À face da Terra já não há nada para descobrir. É uma tristeza

03.11.2009 - 19:08 Por Carlos Câmara Leme
Foram os seus estudos sobre os índios da Amazónia que nos fizeram olhar para estes povos de outra maneira. Claude Lévi-Strauss, o antropólogo que na América mudou de nome por causa dos jeans, deu outro sentido às sociedades primitivas. Uma entrevista com o autor de “Tristes Trópicos” e as fotografias que fez durante as suas viagens.
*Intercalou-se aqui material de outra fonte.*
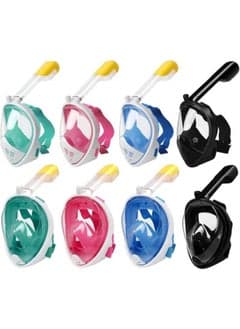 Full Face Snorkeling Mask 180 Degree Panoramic View Diving Mask, Easy Breath Swi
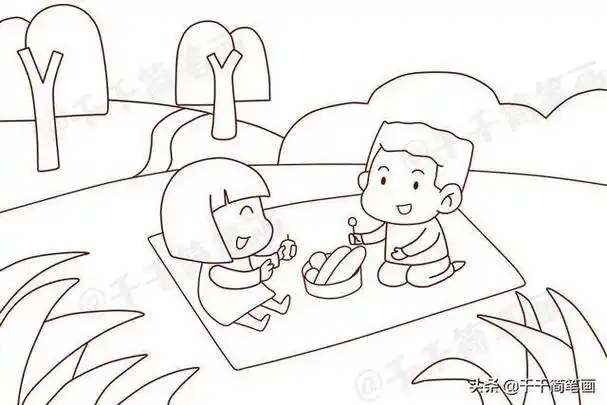 郊游放风筝春天去哪玩野餐郊游主题儿童简笔画野餐郊游简笔画幼师零食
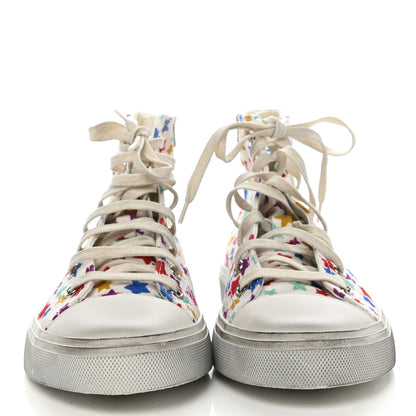 Saint Laurent Distressed Canvas Fun-Star Print Bedford Hightop Sneakers 37.5 Cream 2 of 9
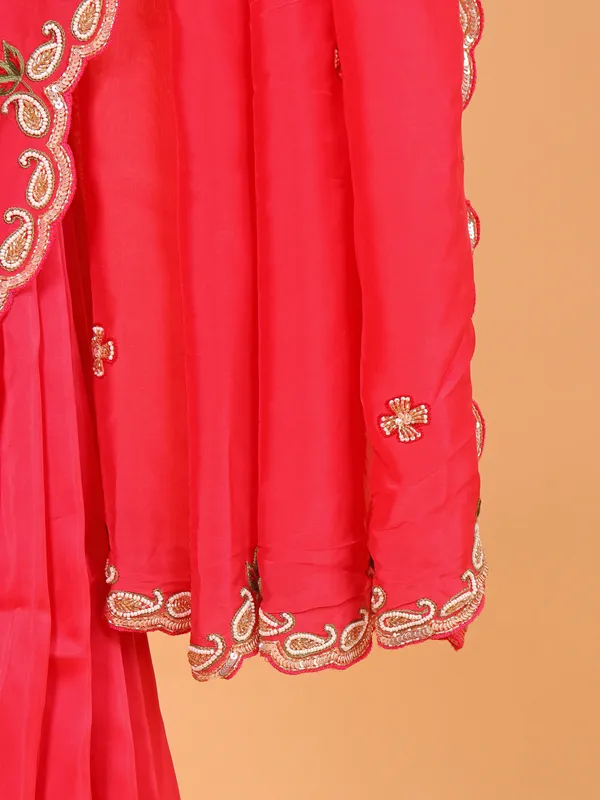 Rani pink wedding wear tissue silk saree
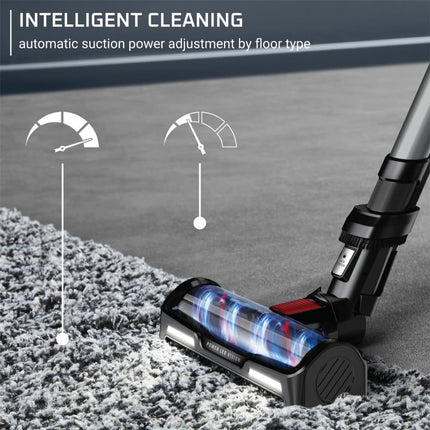 Rowenta, Cordless Vacuum Cleaner, Xforce Flex 12.60 Vacuum, 30.4 Oz Xl Dust Container, Flex Technology, Automatic Floor Detection, 45Min Run Time, 3Hr Charging Time, For Pet, 150 Air Watts, Red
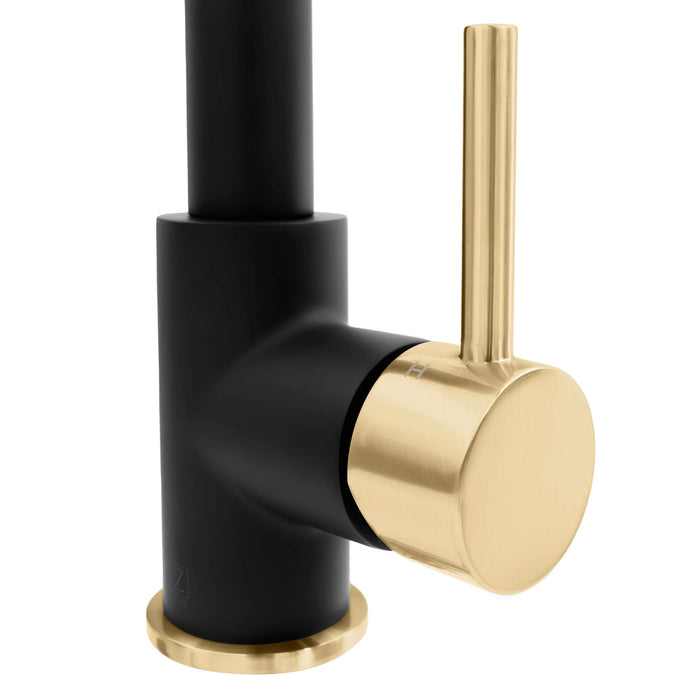 ZLINE Autograph Edition Gemini Pull-Down Single Handle Kitchen Faucet in Matte Black and Champagne Bronze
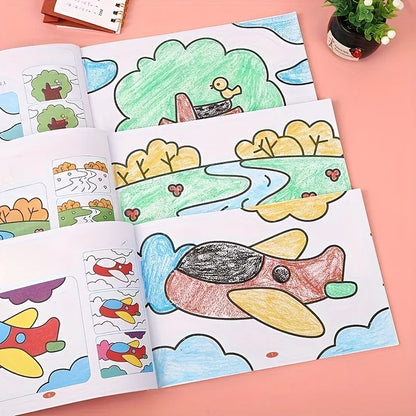 Coloring Book Activity Set 1 Book With Colored Pencils, 48 Clear Line Bright Patterns, Gift for Beginners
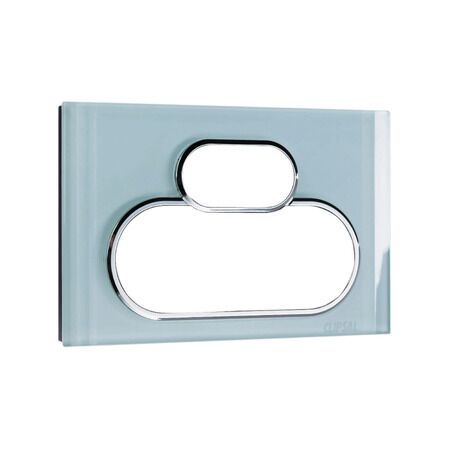 Saturn Series, Cover Socket Outlet, Twin switched, Horizontal - Ocean Mist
Odeia viagens e exploradores. No entanto, é por um relato, o da partida, que começa um dos seus livros mais famosos — “Tristes Trópicos”. É aí que o antropólogo Claude Lévi-Strauss, um dos grandes pensadores do século XX, conta a sua viagem à Amazónia, quinze anos depois de ter chegado a uma das últimas fronteiras a explorar na Terra. Estava em 1935, quando começa a estudar as sociedades primitivas — as tribos índias da Amazónia.
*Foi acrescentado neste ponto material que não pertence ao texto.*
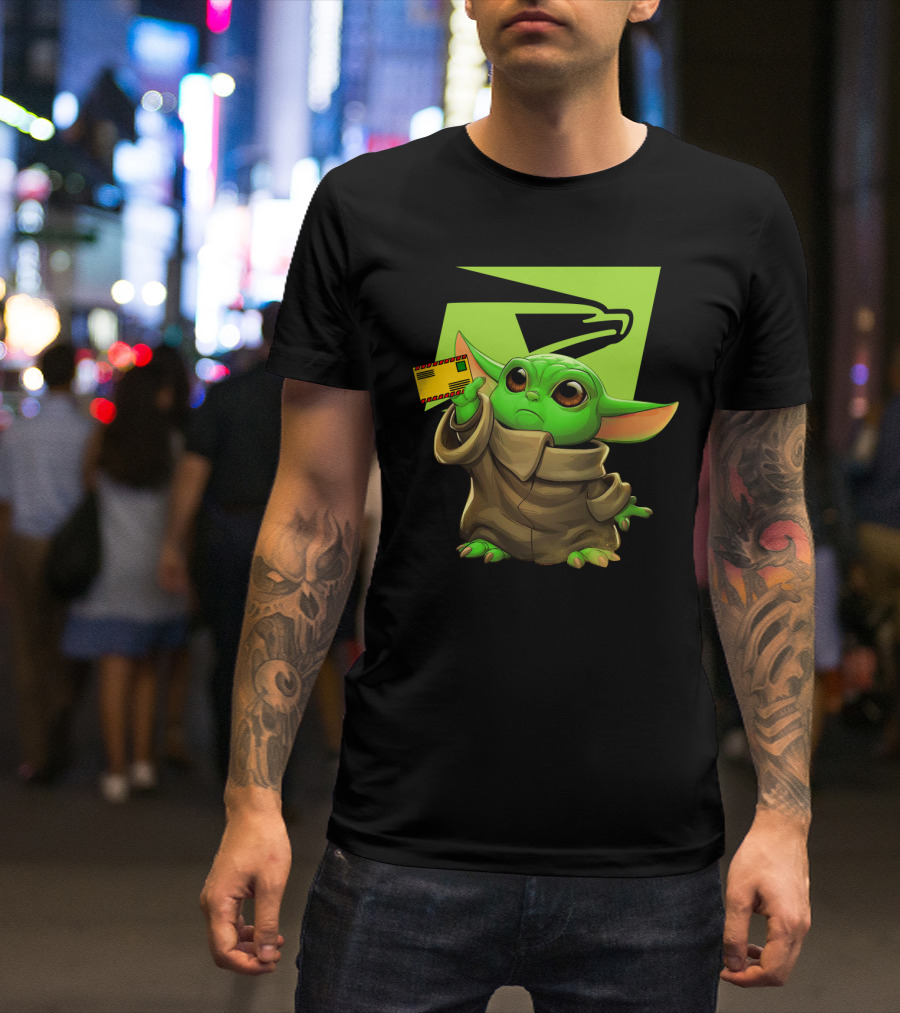 Postal Master Cute Green Character Delivering Mail T-Shirt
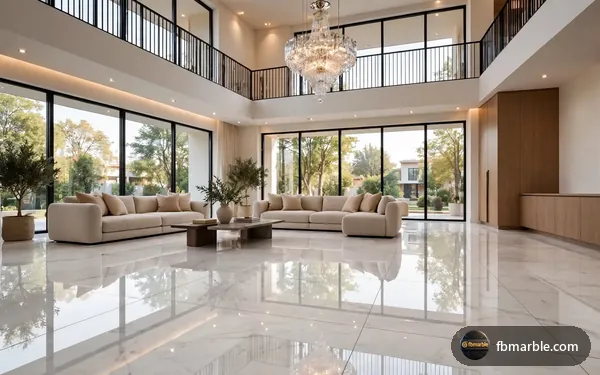 Double-height lounge with a Ziarat White marble floor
Hoje, com 90 anos, este homem que influenciou de maneira determinante o desenvolvimento das ciências sociais neste século, não quer dizer nada de especial sobre o mundo. Porque para além de ser totalmente céptico, quando começou a trabalhar havia dois mil milhões de pessoas. “Esse número triplicou, o que dá qualquer coisa como seis mil milhões de pessoas. É um mundo que não tem qualquer semelhança, ou relação, com o que conheci quando era jovem.” Mas Claude Lévi-Strauss, que na América mudou de nome por causa dos jeans, foi sempre assim, a sua opinião era apenas mais uma opinião.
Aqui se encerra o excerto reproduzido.